Abraham did not see all of his children saved. Lest one object that Ishmael was not Sarah's child, isn't the argument from the NT that even one believing parent justifies calling the children Holy? 

Isaac saw division in his family, Eli did not see his off spring saved in "family solidarity" either, nor did David.

The NT Family does not seem to be better off.

Matthew 10:34-37 Think not that I am come to send peace on earth: I came not to send peace, but a sword. For I am come to set a man at variance against his father, and the daughter against her mother, and the daughter in law against her mother in law. And a man's foes shall be they of his own household. He that loveth father or mother more than me is not worthy of me: and he that loveth son or daughter more than me is not worthy of me. 

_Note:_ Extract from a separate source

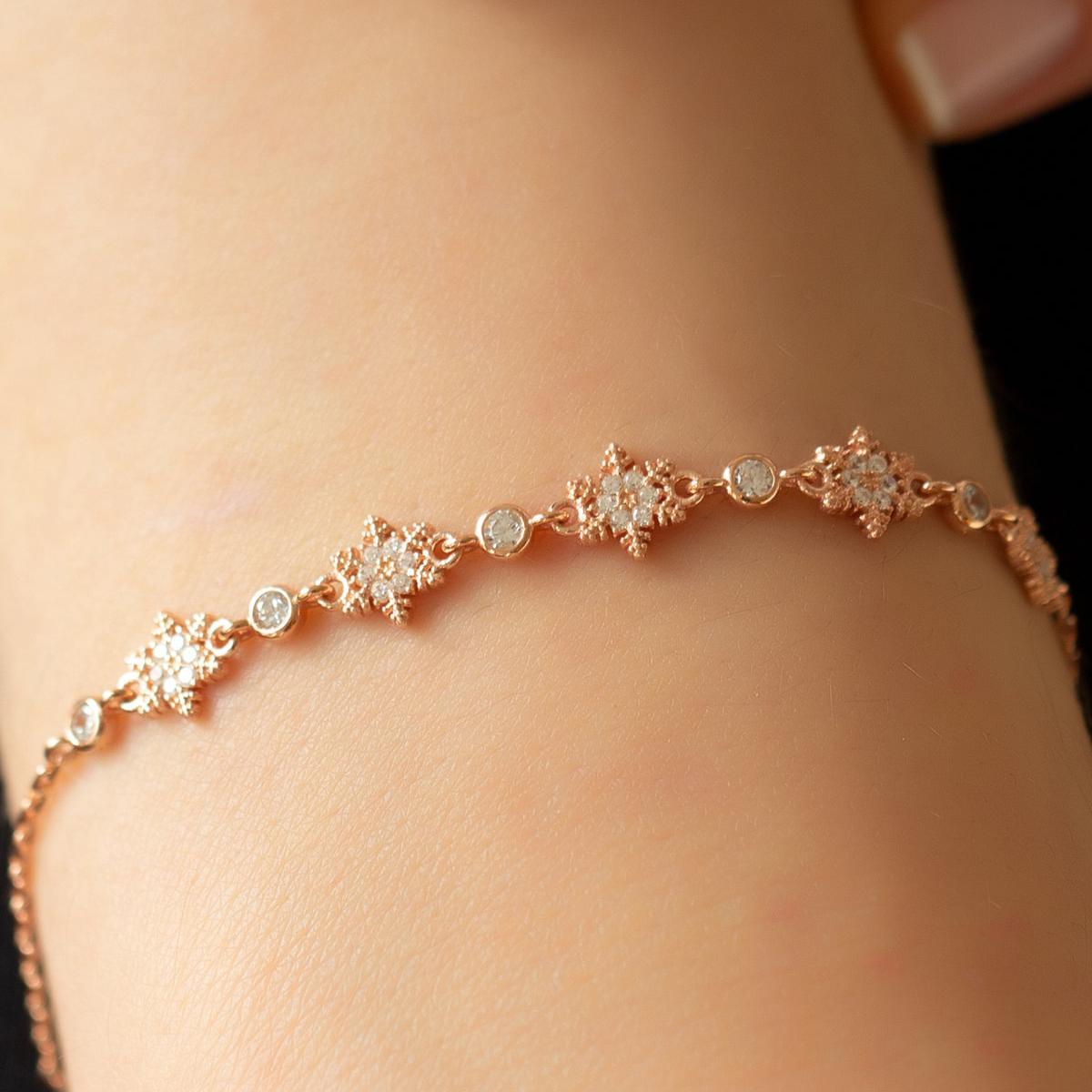 Snowflakes Bracelet • Bridesmaid Gifts For Wedding Day - Trending Silver Gifts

Matthew 19:29 And every one that hath forsaken houses, or brethren, or sisters, or father, or mother, or wife, or children, or lands, for my name's sake, shall receive an hundredfold, and shall inherit everlasting life. 



As far as individuality goes...

John 3:7 Marvel not that I said unto thee, Ye must be born again. 

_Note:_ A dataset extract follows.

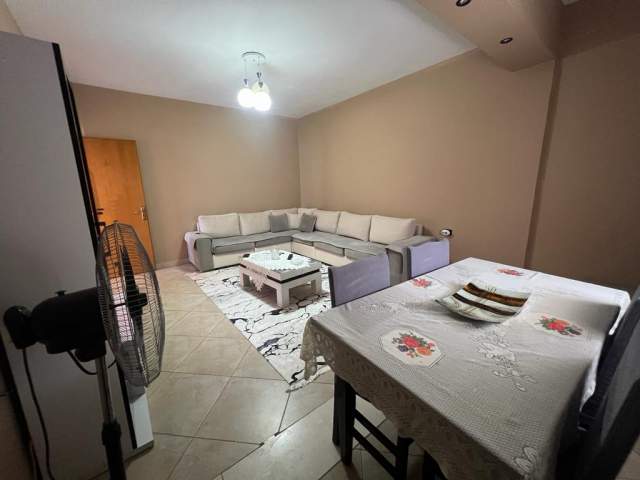 Tirane, jepet me qera apartament 2+1+BLK Kati 1, 130 m² 400 Euro (Sauk, prane Akademise se Policise)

Ac 2:38 Then Peter said unto them, Repent, and be baptized every one of you in the name of Jesus Christ for the remission of sins, and ye shall receive the gift of the Holy Ghost. 

Revelation 5:9 And they sung a new song, saying, Thou art worthy to take the book, and to open the seals thereof: for thou wast slain, and hast redeemed us to God by thy blood out of every kindred, and tongue, and people, and nation; 

Does Family Solidarity mean that God usually saves clusters of blueberries, but sometimes some of the clusters have a berry or two fall off? The cluster is still made up of individual berries. 

Wasn't the chief benefit to the Jew that they had the oracles of God? The special access to the word of God is important, because "faith cometh by hearing, and hearing by the word".

I don't believe that Credo baptists say that Children have no place in the church. Do the children of baptists sit in church, receiving no benefit from the word preached? To say that someone does not have every part is not the same as saying they have no part. Unless one advocates paedocommunion, baptized children who are not yet communicants do not fully participate either.


----------



## Semper Fidelis (Oct 28, 2006)

gravertom said:


> What do you mean by family solidarity? It doesn't mean all the children of all believers will be saved, does it? How are people saved, other than as individuals?
> 
> Abraham did not see all of his children saved. Lest one object that Ishmael was not Sarah's child, isn't the argument from the NT that even one believing parent justifies calling the children Holy?
> 
> ...



Strange that you ask me to qualify and then you tell me what I mean by what I did not say.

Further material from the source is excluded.